Brief descriptive captions

+++

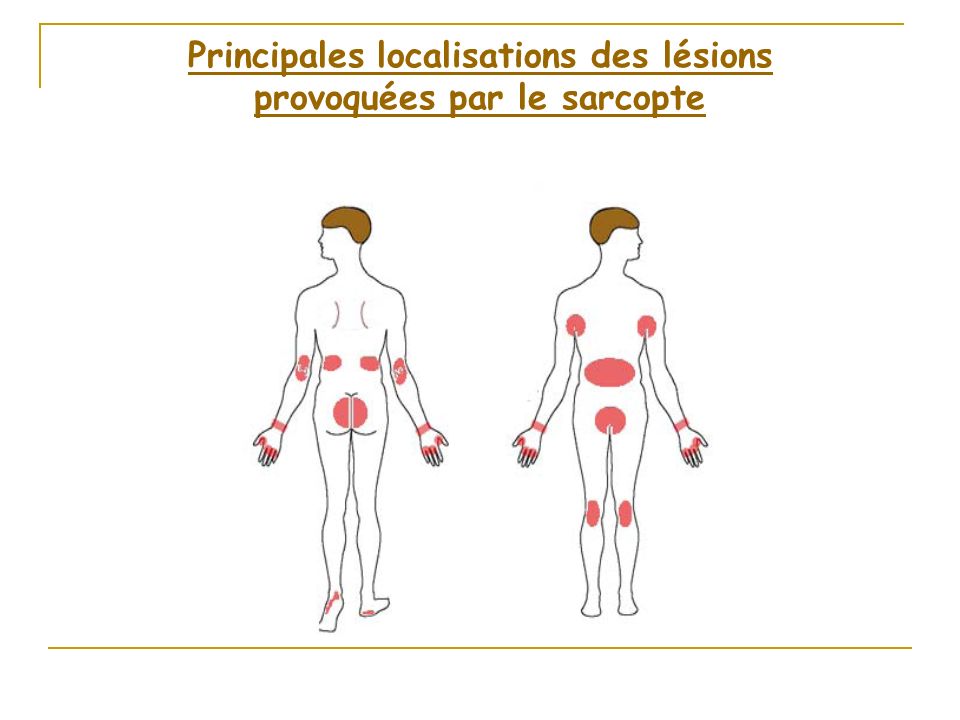 Principales+localisations+des+lésions+provoquées+par+le+sarcopte-sante-intime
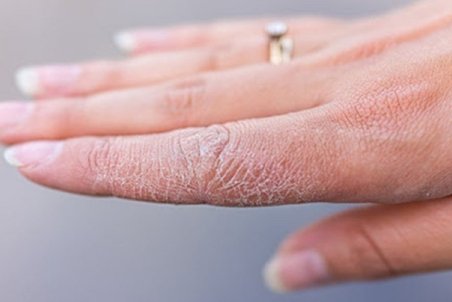 علل خشکی پوست و شیوه‌های درمان آن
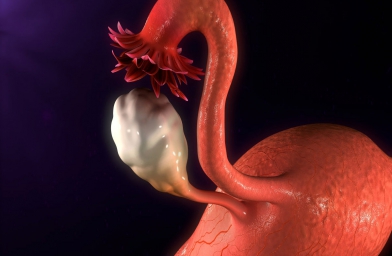 石家庄干细胞治疗卵巢早衰，患者顺利分娩健康宝宝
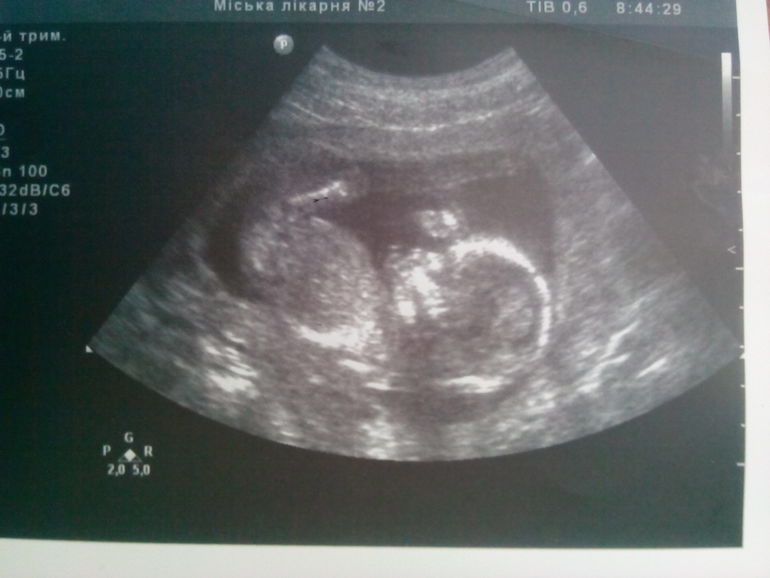 Угадайте, кто там?:)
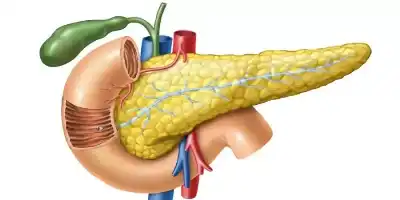 بنكرياس اصطناعي قد يغيّر علاج السكري
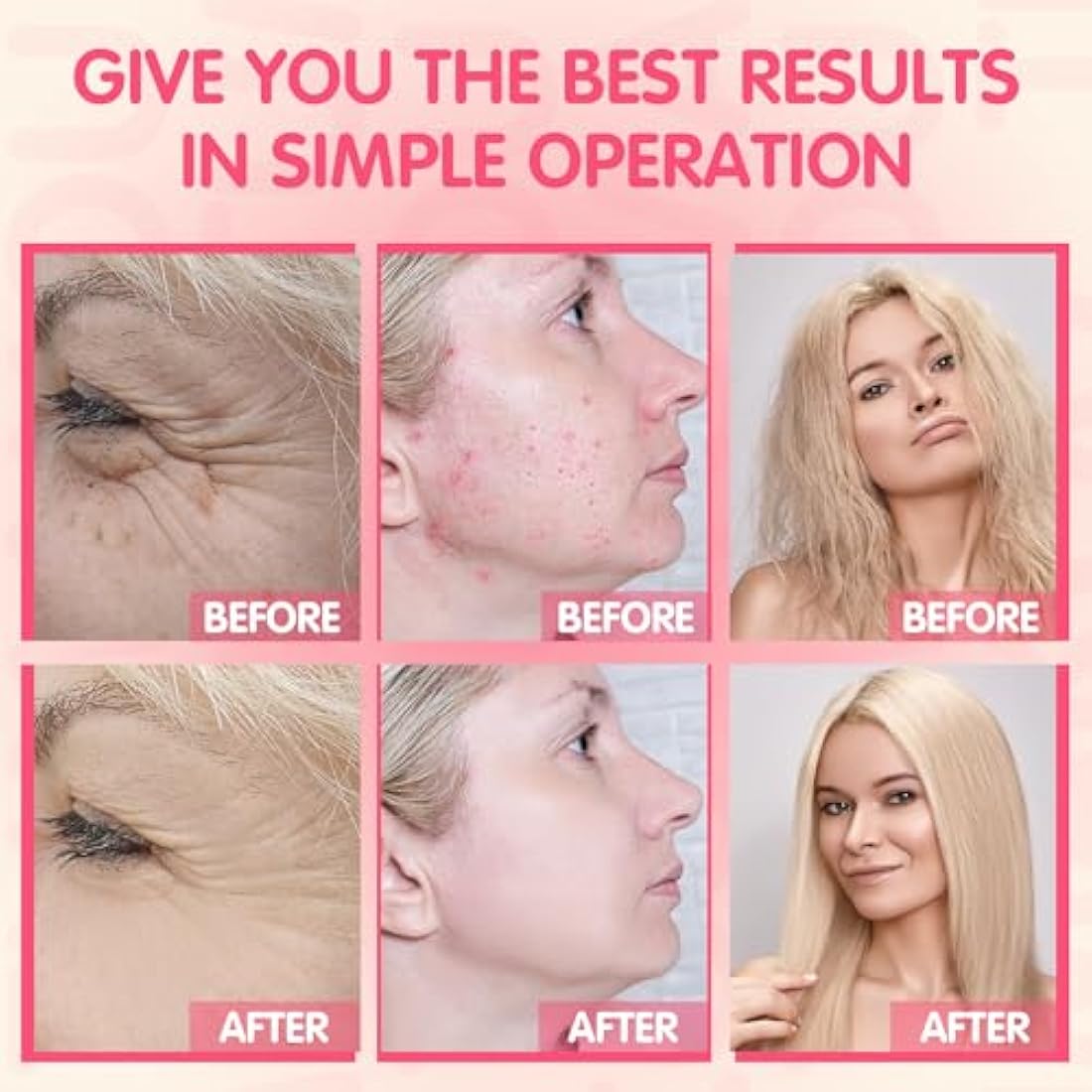TUMAKOU High Frequency Facial Machine – Neon Skin Therapy Wand with 4 Tubes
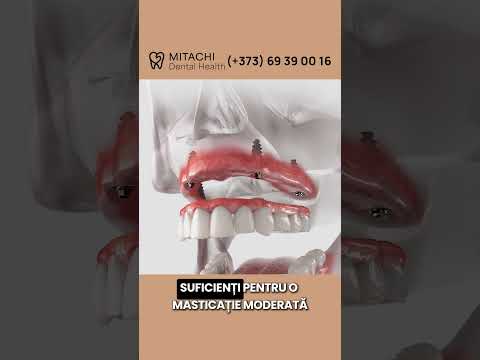 Dinți ficsi pe 4 sau 6 implanturi?
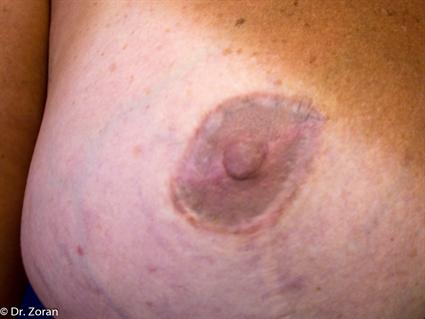 NIPPLE/AREOLA SURGERY 148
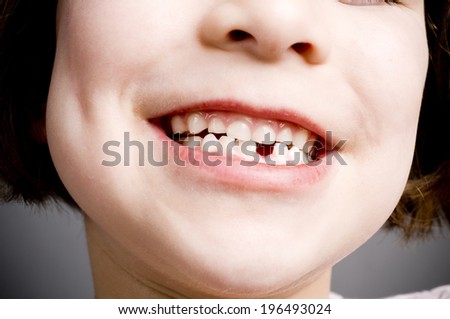A child smiling showing off a missing tooth.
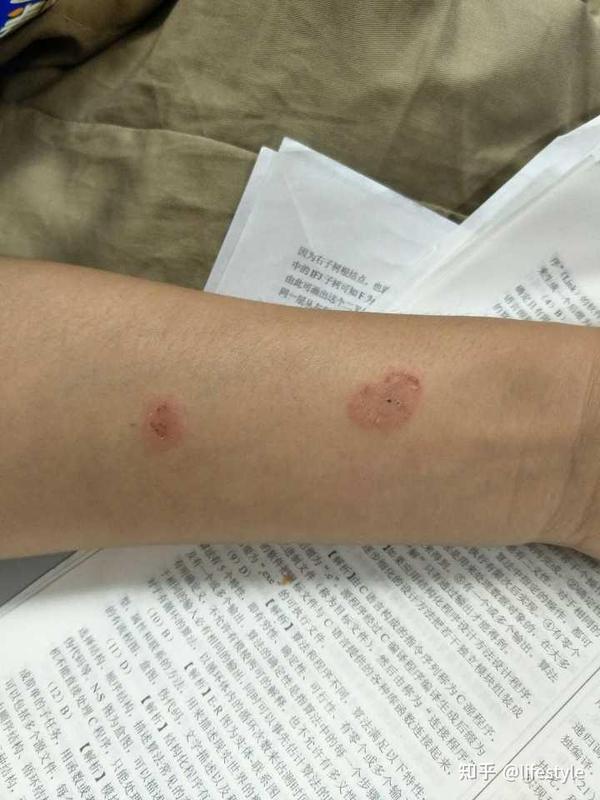 人感染上后,也会出现红色斑块并且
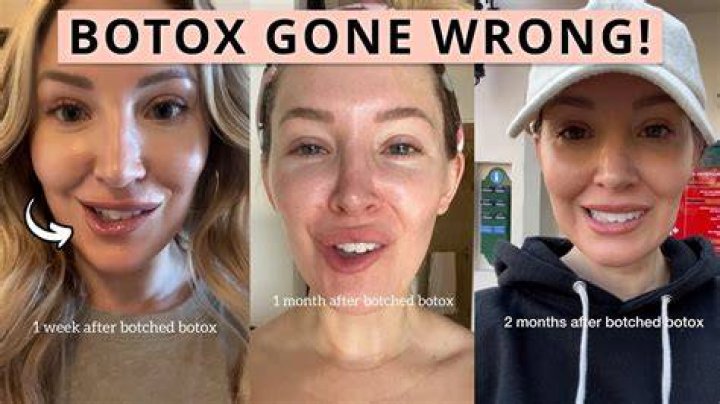 I got Botox for 20 years — here's what happens when you stop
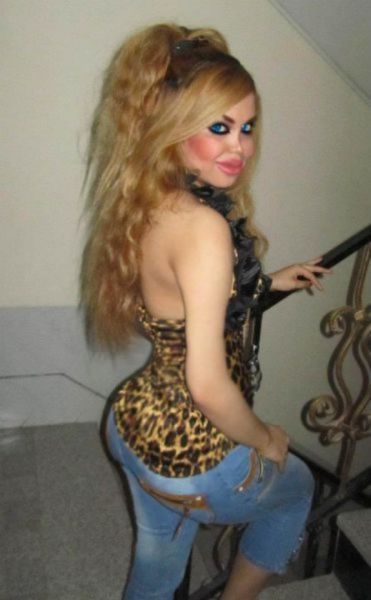 Жертвы пластической хирургии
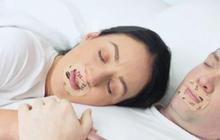Terbiasa Tidur dengan Mulut Diplester 'Mouth Taping', ini Dampaknya bagi Kesehatan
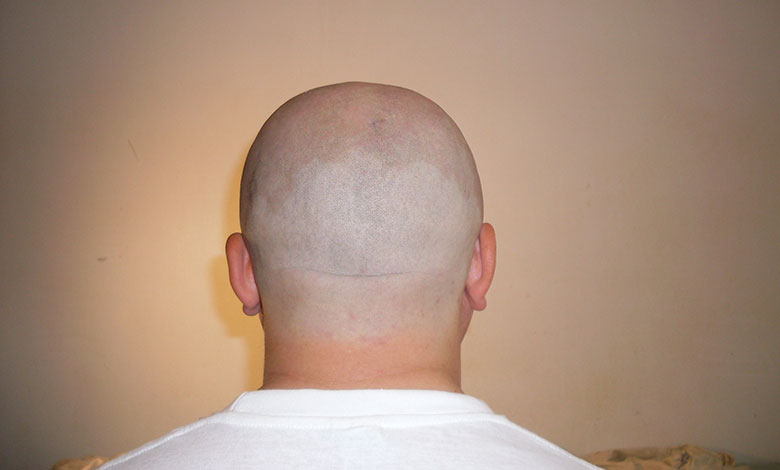 Alopecia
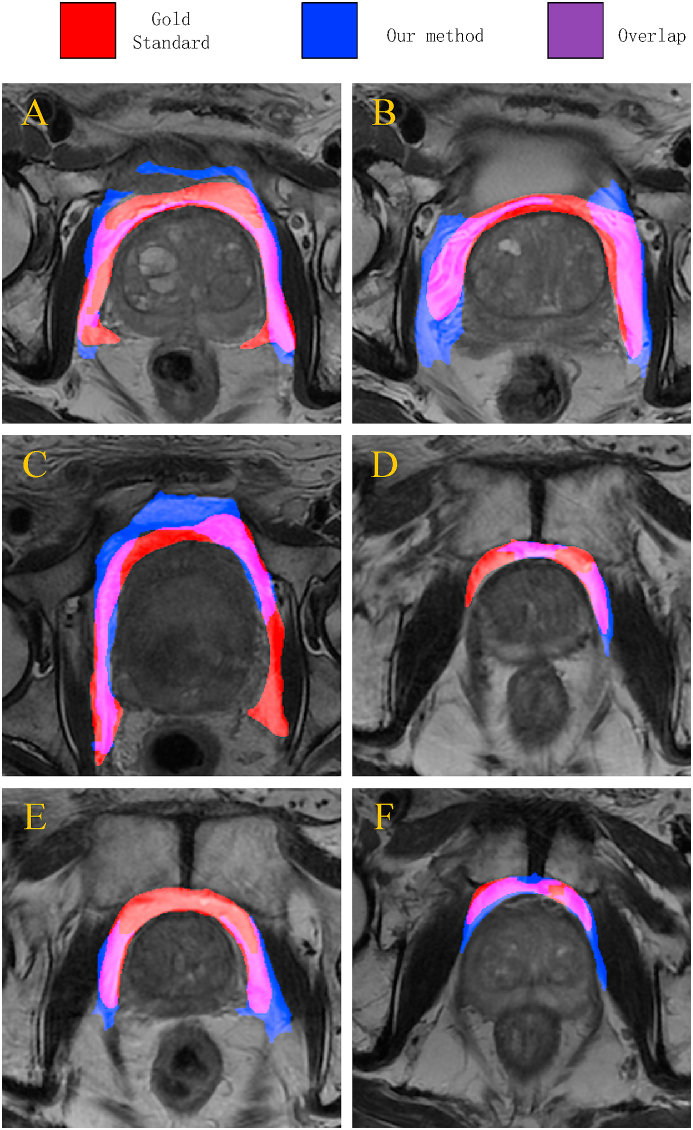 Fig. 9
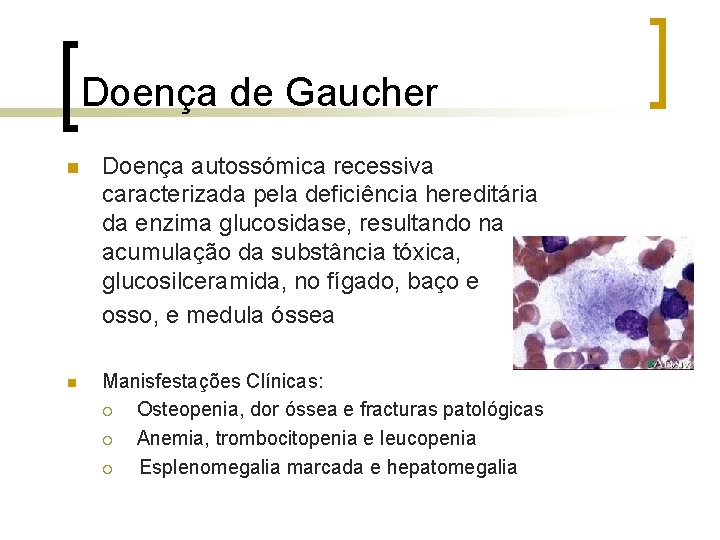 Doença de Gaucher n Doença autossómica recessiva caracterizada pela deficiência hereditária da enzima glucosidase,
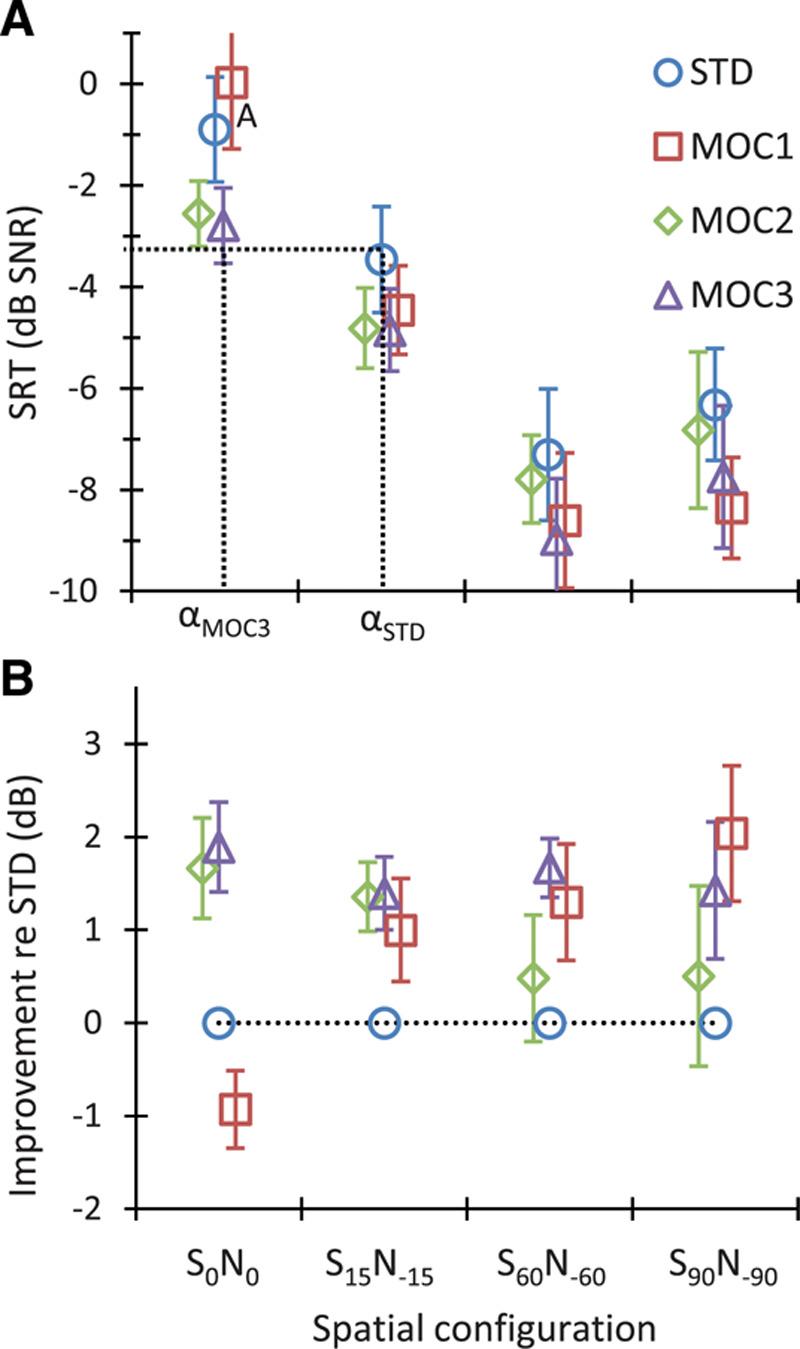 https://cdn.ncbi.nlm.nih.gov/pmc/blobs/eb9e/7722463/8d5d28620143/aud-41-1492-g010.jpg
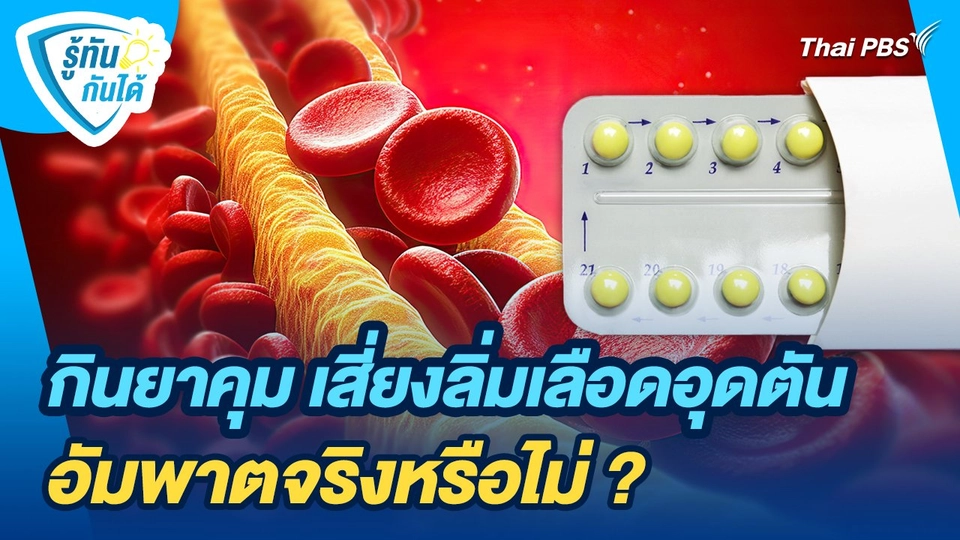 รู้ทันกันได้ : กินยาคุม เสี่ยงลิ่มเลือดอุดตัน - อัมพาตจริงหรือไม่ ?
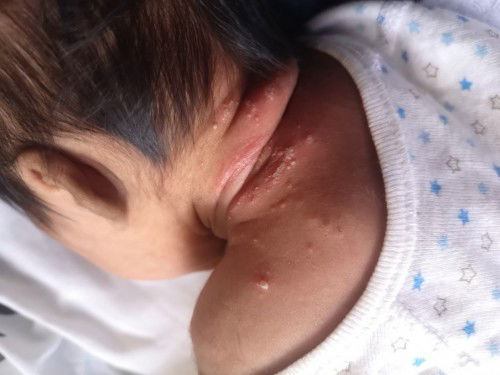 แผลแบบนี้ดูแลน้องยังไงบ้างคะแม่ๆ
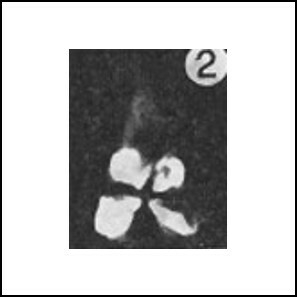 Sphenolithus heteromorphus 233a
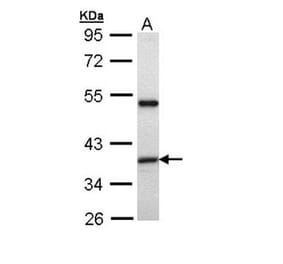 XAP2 antibody from Signalway Antibody (22949) - Antibodies.com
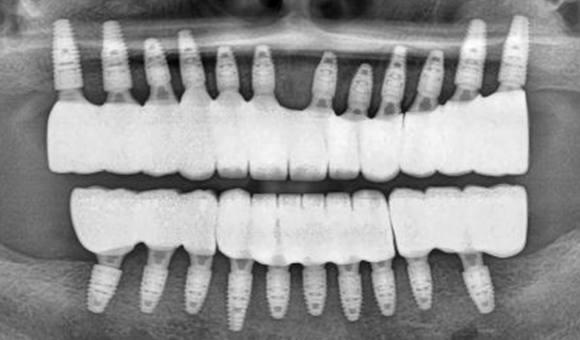 X-RAY 치료 후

+++

Pictures are not part of the copy. Output only the lines from the one with "TUMAKOU High Frequency" through the final line of the records, exactly as given.

Written response:
TUMAKOU High Frequency Facial Machine – Neon Skin Therapy Wand with 4 Tubes
 Dinți ficsi pe 4 sau 6 implanturi?
 NIPPLE/AREOLA SURGERY 148
A child smiling showing off a missing tooth.
 人感染上后,也会出现红色斑块并且
 I got Botox for 20 years — here's what happens when you stop
 Жертвы пластической хирургии
Terbiasa Tidur dengan Mulut Diplester 'Mouth Taping', ini Dampaknya bagi Kesehatan
 Alopecia
 Fig. 9
 Doença de Gaucher n Doença autossómica recessiva caracterizada pela deficiência hereditária da enzima glucosidase,
 https://cdn.ncbi.nlm.nih.gov/pmc/blobs/eb9e/7722463/8d5d28620143/aud-41-1492-g010.jpg
 รู้ทันกันได้ : กินยาคุม เสี่ยงลิ่มเลือดอุดตัน - อัมพาตจริงหรือไม่ ?
 แผลแบบนี้ดูแลน้องยังไงบ้างคะแม่ๆ
 Sphenolithus heteromorphus 233a
 XAP2 antibody from Signalway Antibody (22949) - Antibodies.com
 X-RAY 치료 후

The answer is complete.